PROBLEM TO SOLVE: Every record below must come back exactly as written, with the images dropped.

[Short web captions]
━━━━━━

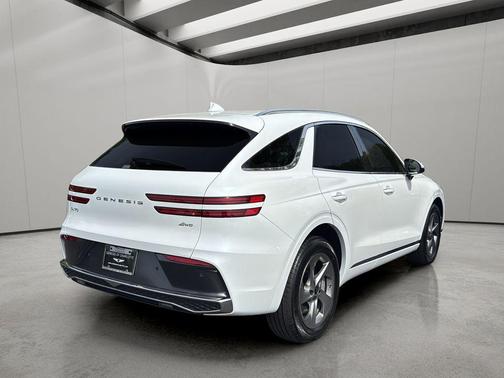 Uyuni White 2026 Genesis GV70 2.5T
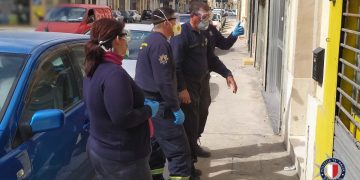 polizia virus coronavirus epidemia mascherina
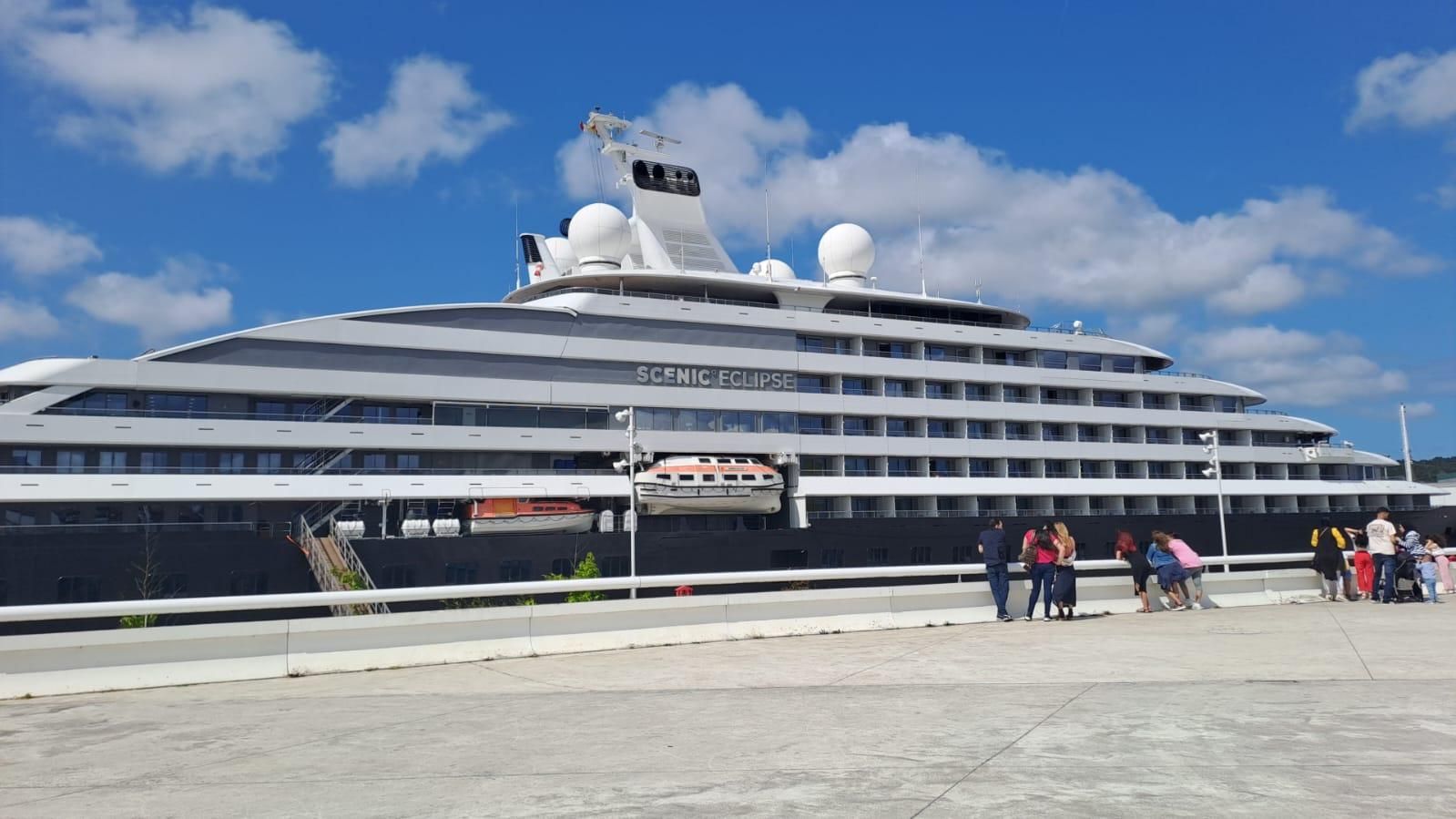 EN IMÁGENES: El impresionante crucero de lujo "Scenic Eclipse" en Avilés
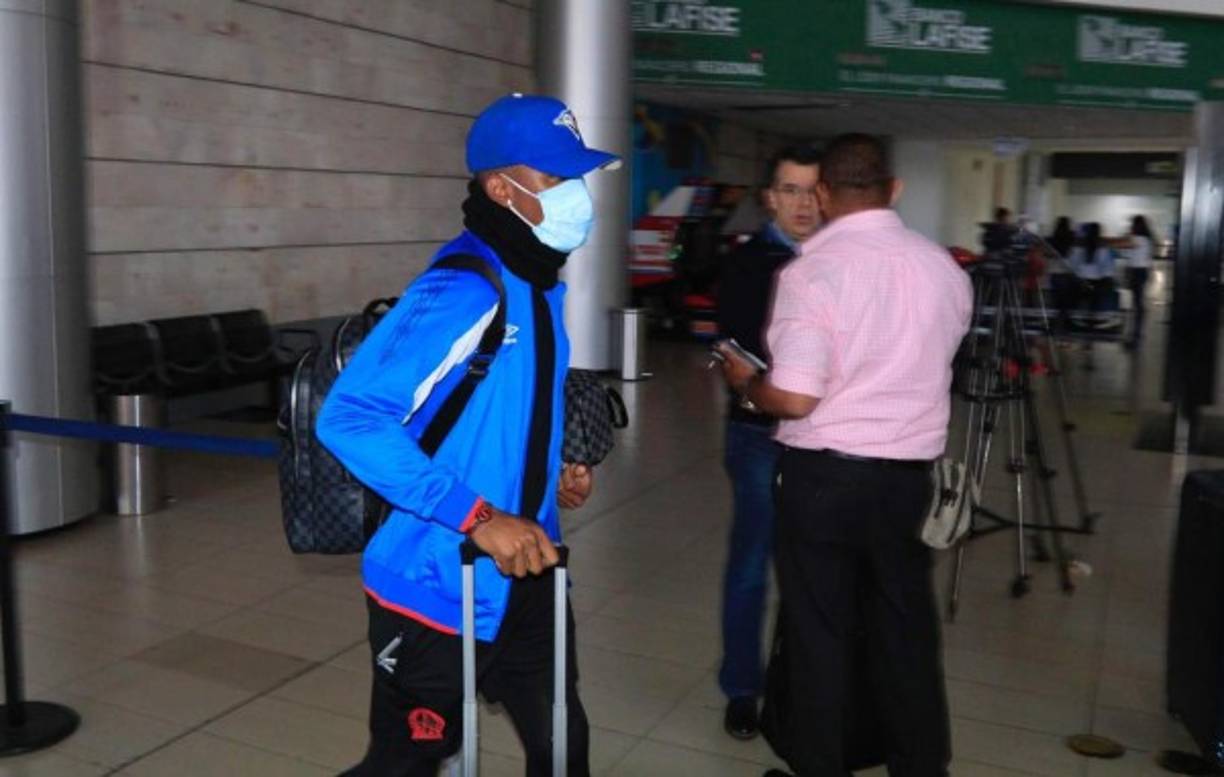 Sumamente protegidos arribaron los jugadores del Olimpia al país por el coronavirus.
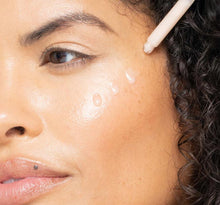 Load image into Gallery viewer, Cactus Cloudsilk Multi-Peptide Serum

━━━━━━

ANSWER SECTION:
 Uyuni White 2026 Genesis GV70 2.5T
 polizia virus coronavirus epidemia mascherina
 EN IMÁGENES: El impresionante crucero de lujo "Scenic Eclipse" en Avilés
 Sumamente protegidos arribaron los jugadores del Olimpia al país por el coronavirus.
 Load image into Gallery viewer, Cactus Cloudsilk Multi-Peptide Serum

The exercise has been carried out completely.